-- INFORMATION PROVIDED follows --

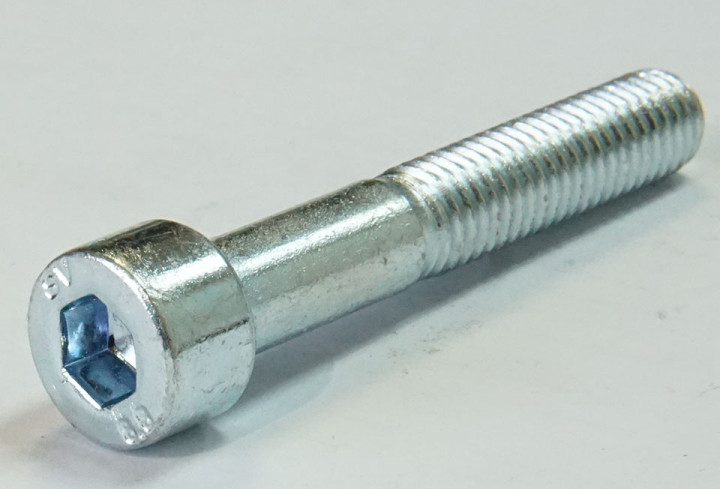 Винт М8х50 DIN 912-88P JU061446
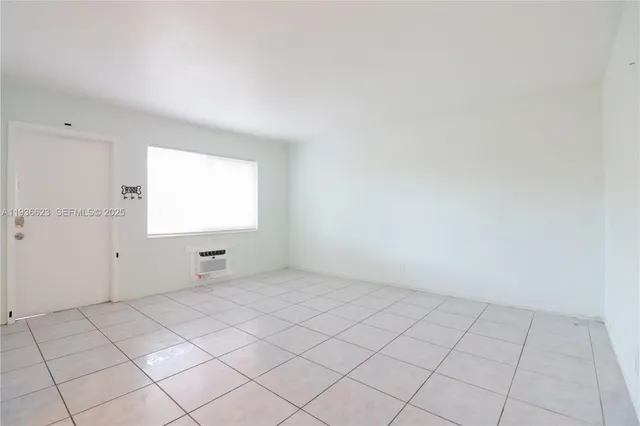 $1,650 | 712 Northeast 8th Street, Unit 102, Hallandale Beach, FL 33009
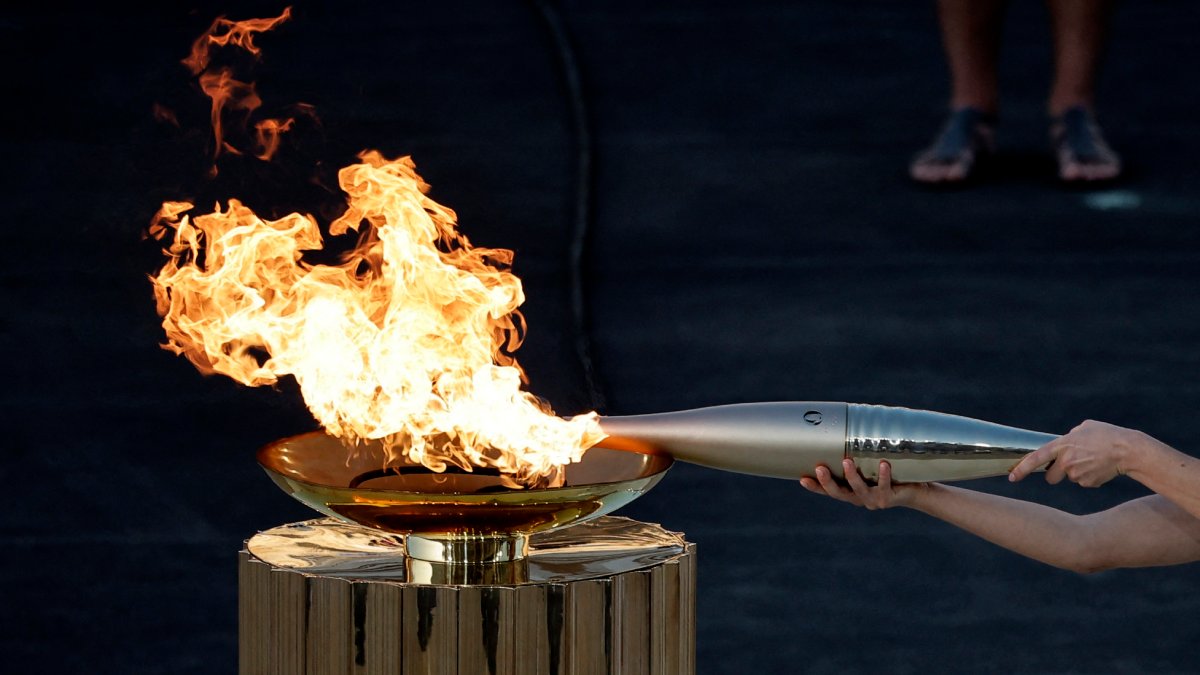 Grecia entrega la llama olímpica a Francia a tres meses de los Juegos Olímpicos de Paris 2024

-- INFORMATION PROVIDED concluded --

**WORK TO COMPLETE**
What you return should be all of the material above, exactly, and none of its pictures.

**REPLY**
 Винт М8х50 DIN 912-88P JU061446
 $1,650 | 712 Northeast 8th Street, Unit 102, Hallandale Beach, FL 33009
 Grecia entrega la llama olímpica a Francia a tres meses de los Juegos Olímpicos de Paris 2024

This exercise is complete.